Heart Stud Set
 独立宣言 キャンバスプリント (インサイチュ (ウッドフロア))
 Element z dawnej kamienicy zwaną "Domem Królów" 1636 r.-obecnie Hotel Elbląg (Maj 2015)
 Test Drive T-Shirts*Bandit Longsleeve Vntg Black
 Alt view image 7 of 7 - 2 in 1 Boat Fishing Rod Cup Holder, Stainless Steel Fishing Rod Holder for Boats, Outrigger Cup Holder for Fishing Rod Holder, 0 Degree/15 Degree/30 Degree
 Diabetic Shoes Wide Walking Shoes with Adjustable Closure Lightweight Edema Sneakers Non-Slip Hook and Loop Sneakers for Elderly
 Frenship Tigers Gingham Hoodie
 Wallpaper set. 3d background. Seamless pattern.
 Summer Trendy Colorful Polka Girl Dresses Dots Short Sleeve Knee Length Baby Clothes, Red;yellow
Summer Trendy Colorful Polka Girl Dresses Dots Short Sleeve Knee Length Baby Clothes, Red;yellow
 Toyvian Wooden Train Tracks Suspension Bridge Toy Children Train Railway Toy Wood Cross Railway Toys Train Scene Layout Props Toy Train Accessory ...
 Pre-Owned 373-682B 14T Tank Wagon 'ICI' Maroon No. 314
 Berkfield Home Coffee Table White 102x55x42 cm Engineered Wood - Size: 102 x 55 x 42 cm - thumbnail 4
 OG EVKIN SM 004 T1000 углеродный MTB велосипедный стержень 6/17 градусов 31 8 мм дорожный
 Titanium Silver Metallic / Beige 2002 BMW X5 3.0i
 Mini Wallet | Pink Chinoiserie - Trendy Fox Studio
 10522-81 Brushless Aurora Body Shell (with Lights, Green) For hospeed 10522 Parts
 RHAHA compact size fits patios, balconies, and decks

■ ■ ■ ■

#### Problem statement
From the records above, retype only the lines starting at the line that contains "Berkfield Home Coffee" and ending at the line that contains "Titanium Silver Metallic", both included.

#### Task solution
 Berkfield Home Coffee Table White 102x55x42 cm Engineered Wood - Size: 102 x 55 x 42 cm - thumbnail 4
 OG EVKIN SM 004 T1000 углеродный MTB велосипедный стержень 6/17 градусов 31 8 мм дорожный
 Titanium Silver Metallic / Beige 2002 BMW X5 3.0i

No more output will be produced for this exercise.